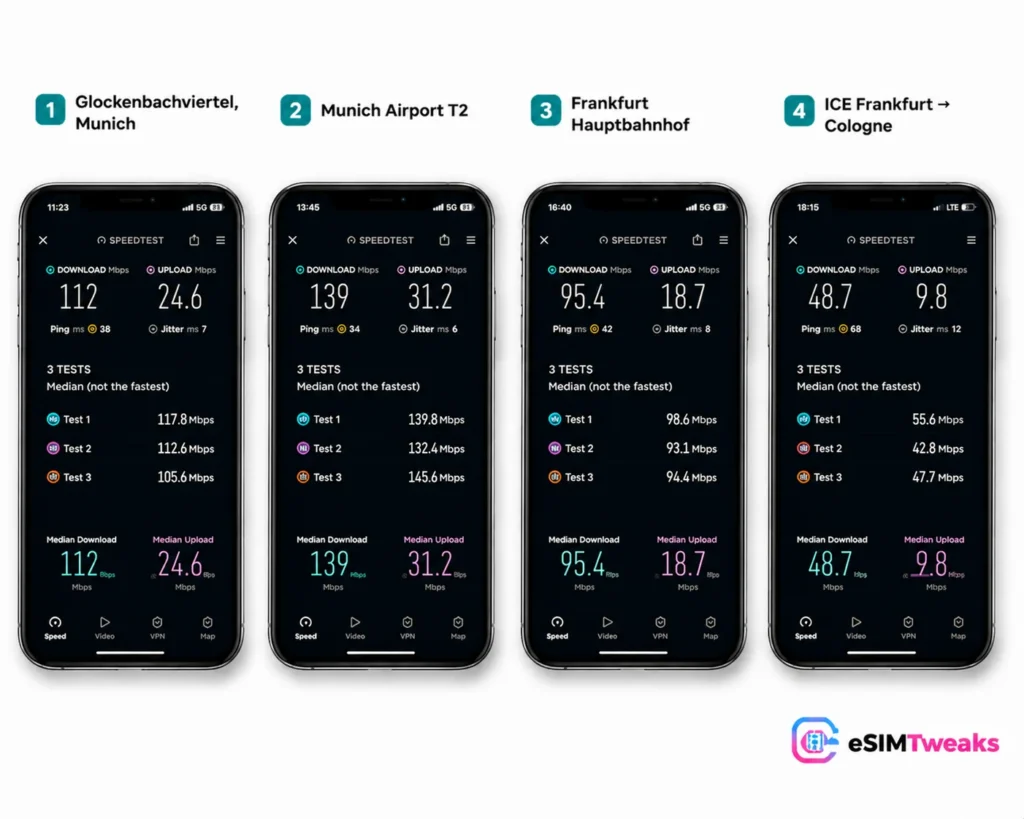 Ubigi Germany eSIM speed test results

____________________

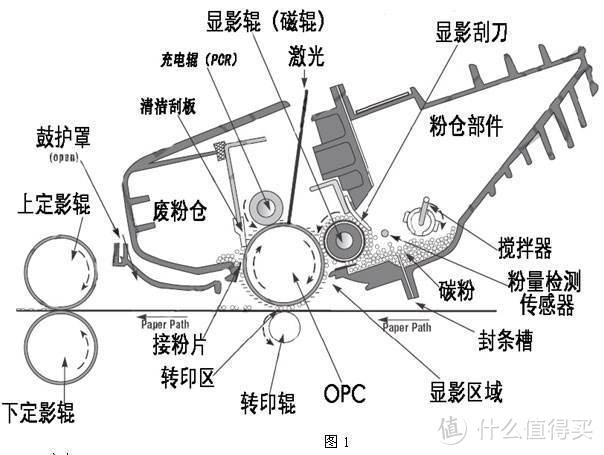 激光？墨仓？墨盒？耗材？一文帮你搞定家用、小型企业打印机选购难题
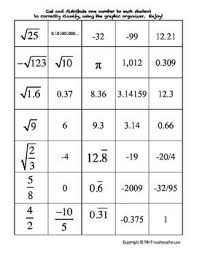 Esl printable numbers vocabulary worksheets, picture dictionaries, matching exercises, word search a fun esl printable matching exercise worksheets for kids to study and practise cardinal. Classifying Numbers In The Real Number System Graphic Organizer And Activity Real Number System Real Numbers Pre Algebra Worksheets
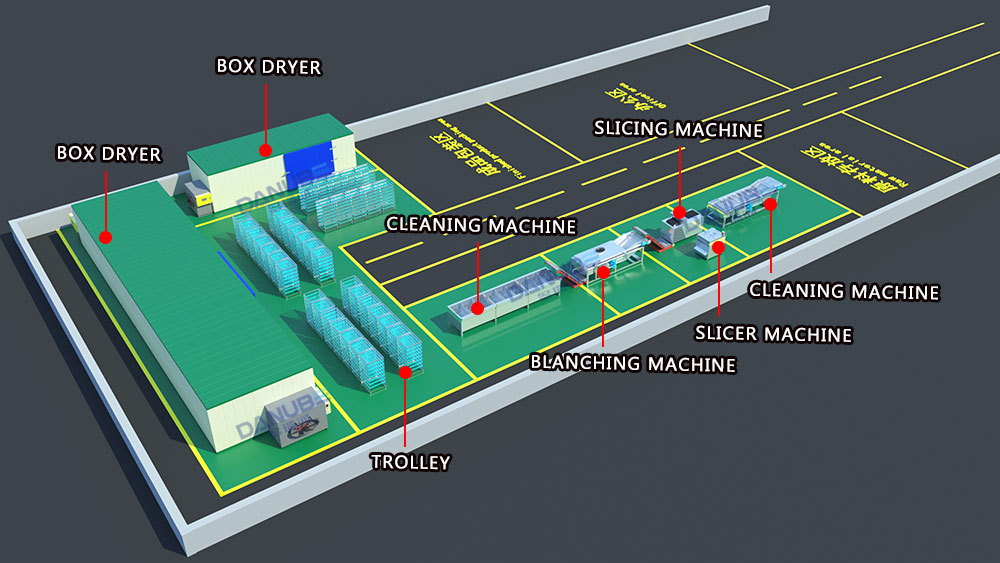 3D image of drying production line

____________________

» **EXERCISE DETAILS**
Copy only this from above: the line containing "Esl printable numbers", the line containing "3D image of drying production line", and all lines between, printed exactly. Leave out the pictures.

» **EXPECTED OUTPUT**
 Esl printable numbers vocabulary worksheets, picture dictionaries, matching exercises, word search a fun esl printable matching exercise worksheets for kids to study and practise cardinal. Classifying Numbers In The Real Number System Graphic Organizer And Activity Real Number System Real Numbers Pre Algebra Worksheets
 3D image of drying production line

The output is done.